Study material:
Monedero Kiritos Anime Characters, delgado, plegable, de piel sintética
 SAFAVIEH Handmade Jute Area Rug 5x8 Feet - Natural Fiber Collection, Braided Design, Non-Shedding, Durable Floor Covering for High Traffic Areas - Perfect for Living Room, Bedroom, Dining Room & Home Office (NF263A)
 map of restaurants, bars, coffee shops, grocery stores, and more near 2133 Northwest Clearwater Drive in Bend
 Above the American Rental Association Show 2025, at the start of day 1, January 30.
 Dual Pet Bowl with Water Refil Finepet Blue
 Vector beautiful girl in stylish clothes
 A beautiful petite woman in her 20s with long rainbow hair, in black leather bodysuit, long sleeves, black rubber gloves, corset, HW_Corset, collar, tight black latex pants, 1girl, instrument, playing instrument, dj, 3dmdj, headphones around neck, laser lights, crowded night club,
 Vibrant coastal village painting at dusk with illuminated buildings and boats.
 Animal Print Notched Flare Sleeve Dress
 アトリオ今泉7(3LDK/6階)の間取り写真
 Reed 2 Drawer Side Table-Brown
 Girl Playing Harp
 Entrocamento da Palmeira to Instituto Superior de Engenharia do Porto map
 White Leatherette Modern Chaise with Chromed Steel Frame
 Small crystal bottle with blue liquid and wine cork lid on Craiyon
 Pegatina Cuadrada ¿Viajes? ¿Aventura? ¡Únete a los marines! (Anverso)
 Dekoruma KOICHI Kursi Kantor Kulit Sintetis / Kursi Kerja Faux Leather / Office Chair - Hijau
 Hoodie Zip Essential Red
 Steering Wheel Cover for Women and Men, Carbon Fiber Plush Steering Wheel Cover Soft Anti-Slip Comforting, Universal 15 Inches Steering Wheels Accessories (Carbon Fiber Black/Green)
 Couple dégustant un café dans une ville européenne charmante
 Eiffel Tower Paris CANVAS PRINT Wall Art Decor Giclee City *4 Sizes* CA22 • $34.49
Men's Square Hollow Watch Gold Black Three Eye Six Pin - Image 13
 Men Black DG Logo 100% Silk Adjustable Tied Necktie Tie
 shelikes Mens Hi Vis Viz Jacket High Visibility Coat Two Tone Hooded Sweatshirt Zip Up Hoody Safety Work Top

Exercise brief:
Which of the lines in the material above contain "Fiber"? Copy each one out.

Answer below:
 SAFAVIEH Handmade Jute Area Rug 5x8 Feet - Natural Fiber Collection, Braided Design, Non-Shedding, Durable Floor Covering for High Traffic Areas - Perfect for Living Room, Bedroom, Dining Room & Home Office (NF263A)
 Steering Wheel Cover for Women and Men, Carbon Fiber Plush Steering Wheel Cover Soft Anti-Slip Comforting, Universal 15 Inches Steering Wheels Accessories (Carbon Fiber Black/Green)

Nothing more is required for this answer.